Established in the late 19th century as Kansas City's neighborhood of palatial mansions, the Southmoreland section of the Rockhill District was conceived by William Rockhill Nelson, the Kansas City Star publisher and a developer, and August Meyer, a mining magnate.  Nelson and Meyer's vision for the neighborhood was an extension of City Beautiful Movement — featuring naturalistic landscaping, open parkland, native stone fencing, and curved roadways lined with elm trees. Acquired by Nelson, and given to the City, the neighborhood evolved around a natural ravine, through which a small brook runs in the rainy times, first platted by W.B. Clark as South Moreland Addition. The landscaping of the park and adjacent areas intended to imitate the look and feel of neighborhoods around Central and Riverside Parks in New York City— by venerated architecture team of Frederick Law Olmsted and Calvert Vaux. It heightened the enjoyment of the turf, water and rock, using gentle, sprawling lawns, winding pathways and natural woodlands.

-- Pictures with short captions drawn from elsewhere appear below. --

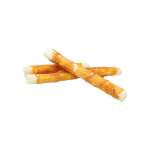 تشویقی سگ لاو می Twist Stick  مرغ و کلاژن love me - Image 2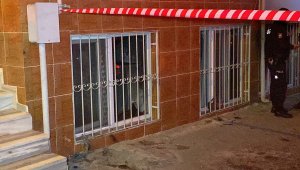 Kahreden olay... Soba devrildi, yangında hayatını kaybetti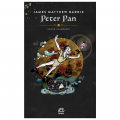 Peter Pan - James Matthew Barrie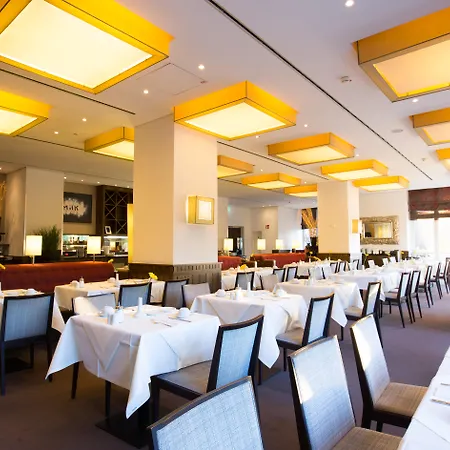 Garner - Handelshof By Ihg Hotel Essen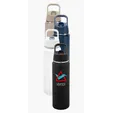 Urban Peak® 25oz Portage Flip Straw Water Bottle — view 21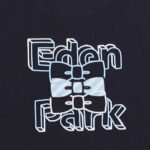 TEE-SHIRT DROIT EDEN PARK - E24MAITC0054 BLF – Image 6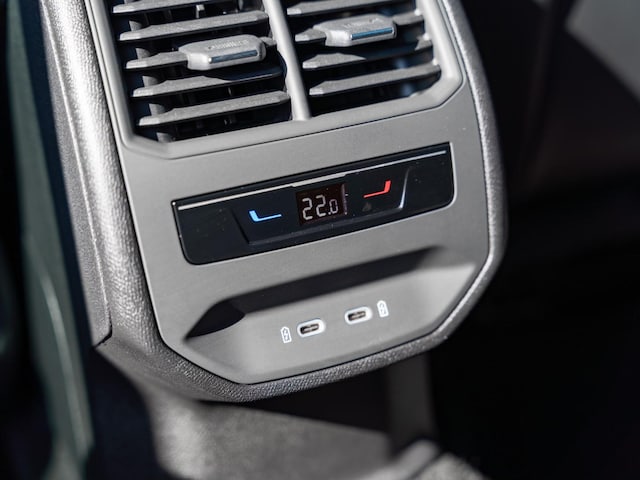 Cupra Leon 1.5 eTSI ACT ACC ParkAss. SpurH LM PDC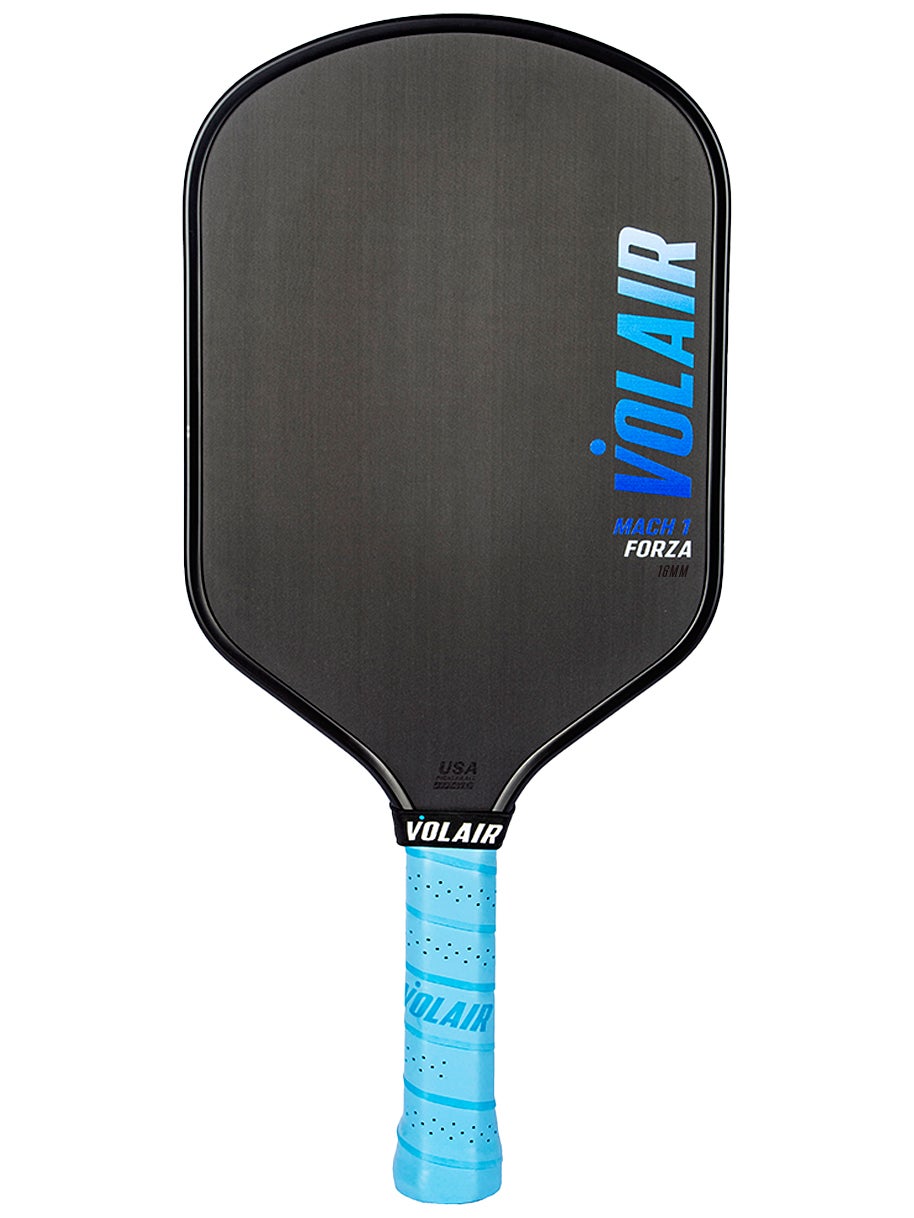 Volair Mach 1 Forza Pickleball Paddle
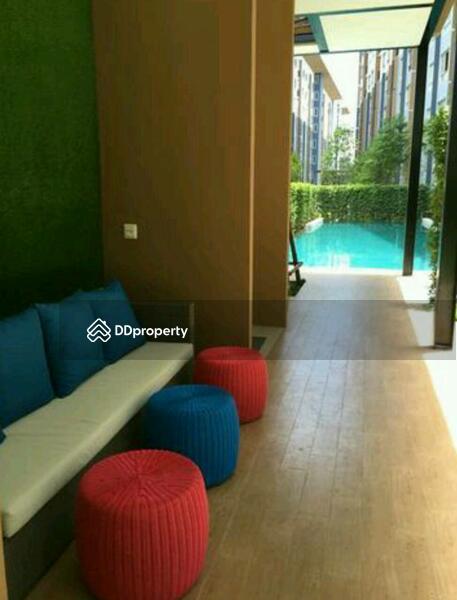 ให้เช่า - Plum Condo Bangyai Station : พลัม คอนโด บางใหญ่ สเตชั่น, นนทบุรี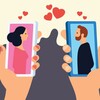 Логотип телеграм канала @love_sex_training — Отношения & Секс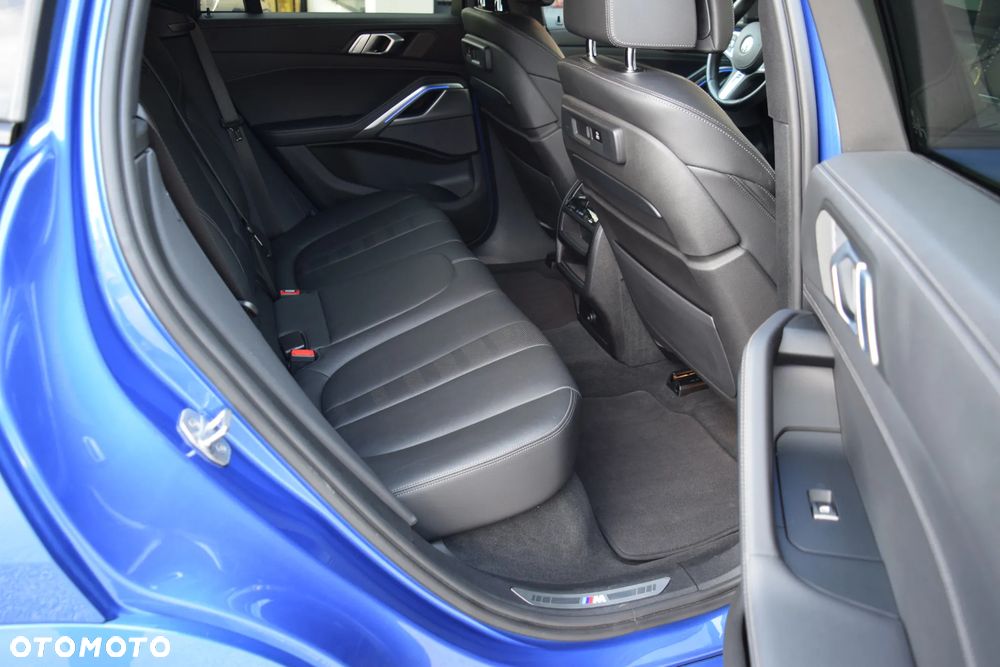 BMW X6 - 40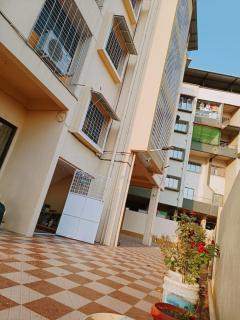 Great Hornbill Homestay, Ratnagiri - 3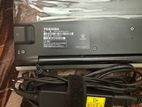 Toshiba laptop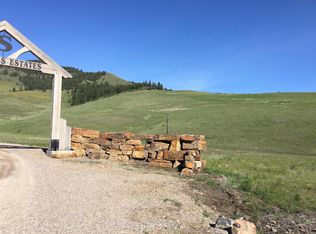 LOT 2 Diamond Ests S LOT 2, Plains, MT 59859
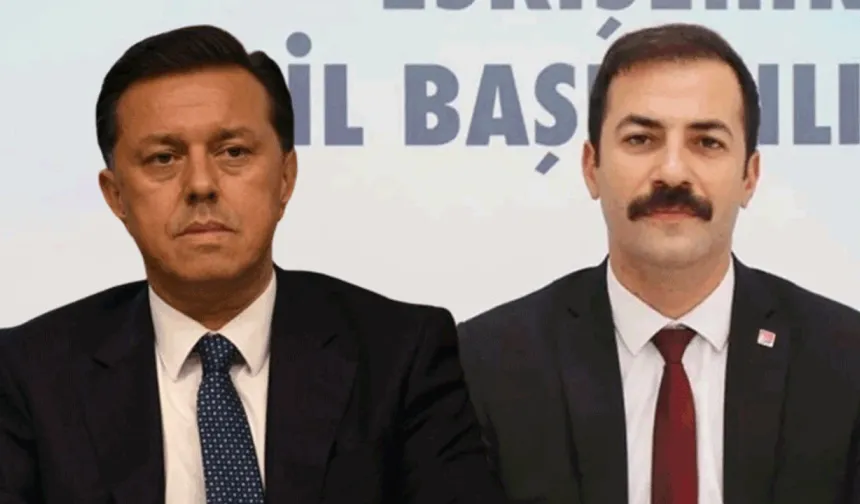 Belediyenin hizmetleri tartışma yarattı: CHP’den Hatipoğlu’na yanıt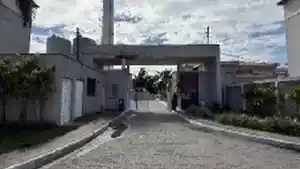 Apartamento - Itaguai, RJ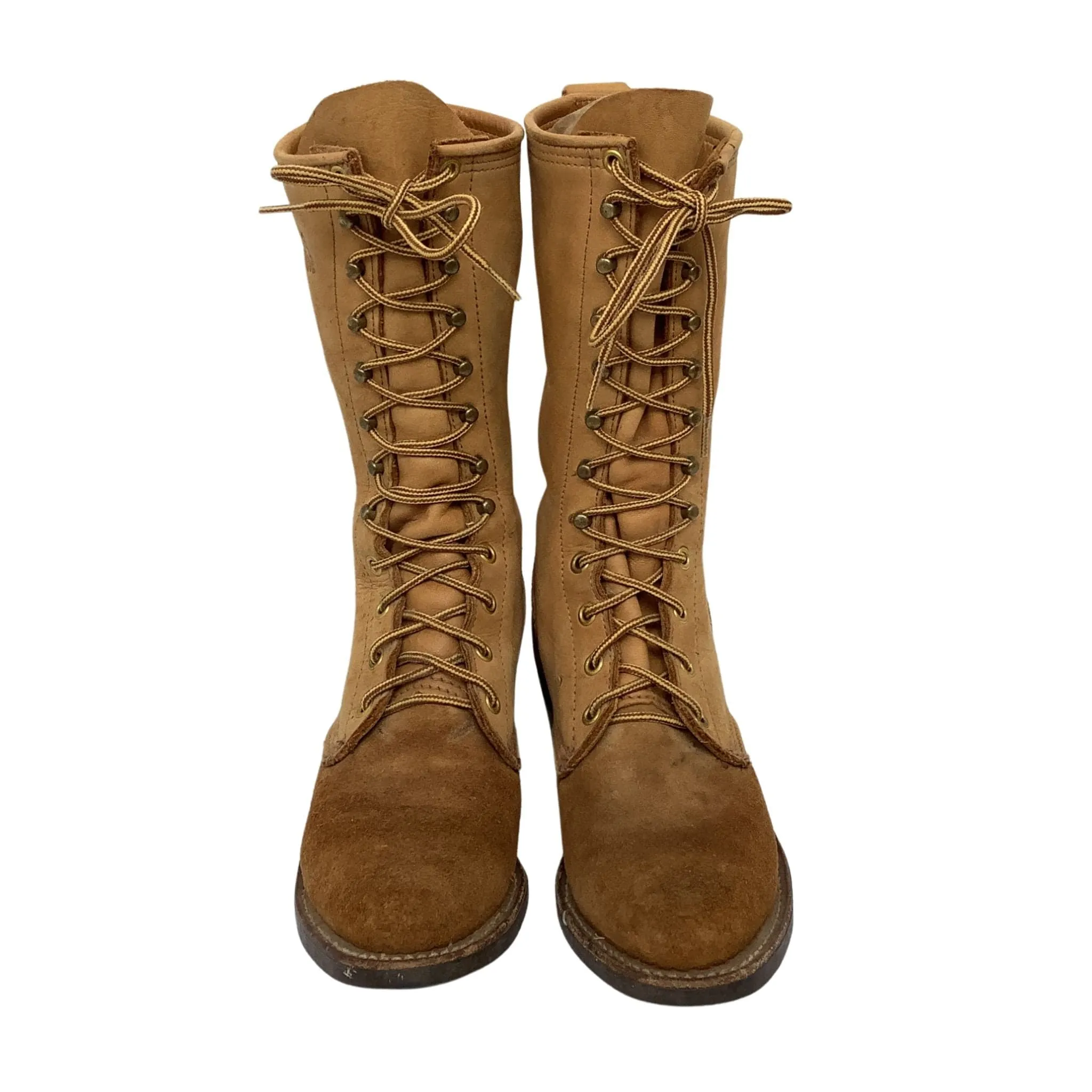 Golden Retriever Boots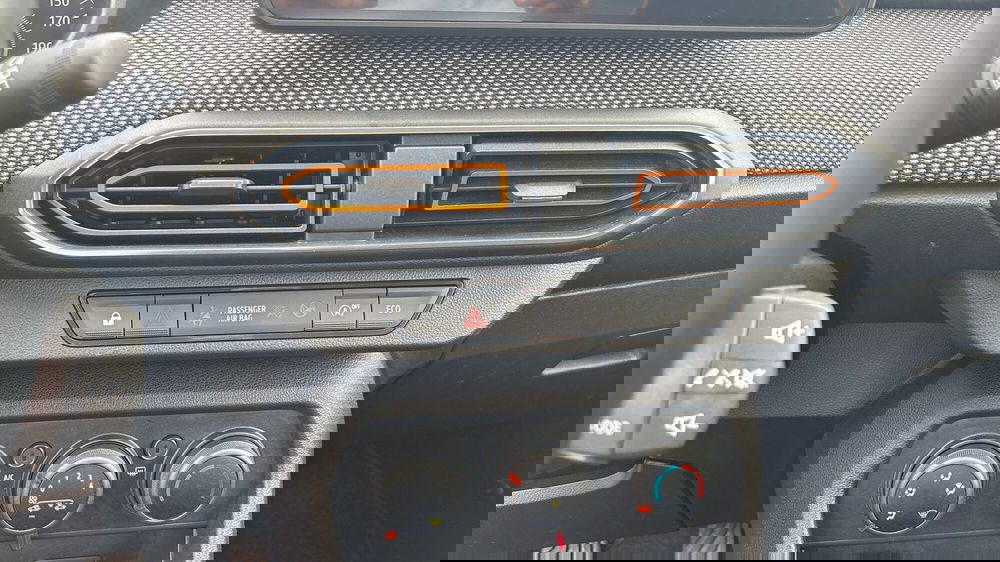 Dacia Sandero usata a Padova (19)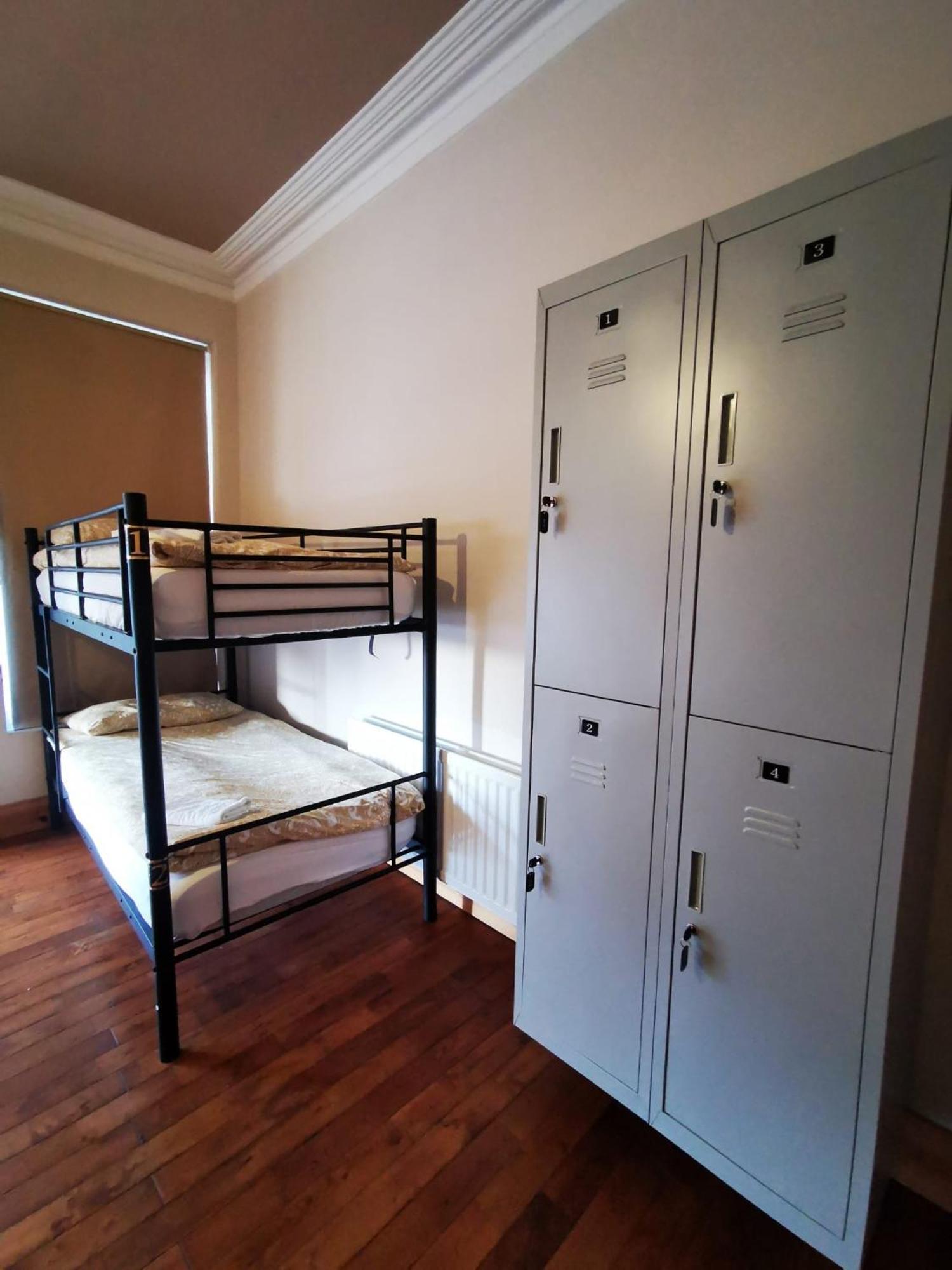 Gr8 Hostel At The Mount Belfast Bagian luar foto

Framed by Nelson’s baronial manse, Oak Hall, and August Meyer’s palace, Marburg on Warwick Boulevard, Southmoreland has evolved into an eclectic mix of Colonial Revival mansions, Arts & Crafts style homes, and Colonnade luxury apartment buildings, many with native limestone accents. In early 20th century, a streetcar line was built between downtown Kansas City and the neighborhood began to attract working-class families with some of the larger mansions converted into apartments. Today, beyond the large museums and institutions of higher learning, Southmoreland has a number of artists’ studios, shops and galleries. In 2009, Southmoreland was voted as one amongst eight neighborhoods nationwide as the "Best Old House Neighborhoods: Editor's Pick" by This Old House.

Most recently, the neighborhood has attracted a massive new wave of real estate development following the planned $351 million-worth expansion of the KC Streetcar Main Street Extension project, that will add an additional 3.6 miles and 16 stops from Union Station to the University of Missouri — Kansas City (UMKC). The southward expansion will run through Southmoreland, ultimately connecting River Market to the Country Club Plaza, providing free public transit across the city’s largest business districts like Midtown, Westport, to the Art Museum District and the Plaza. On August 26, 2020, the Federal Transit Administration (FTA) announced that the KC Streetcar Main Street Extension project will receive additional $50.8 million in federal funding as part of the FTA’s New Starts Capital Investment Grants (CIG) Program.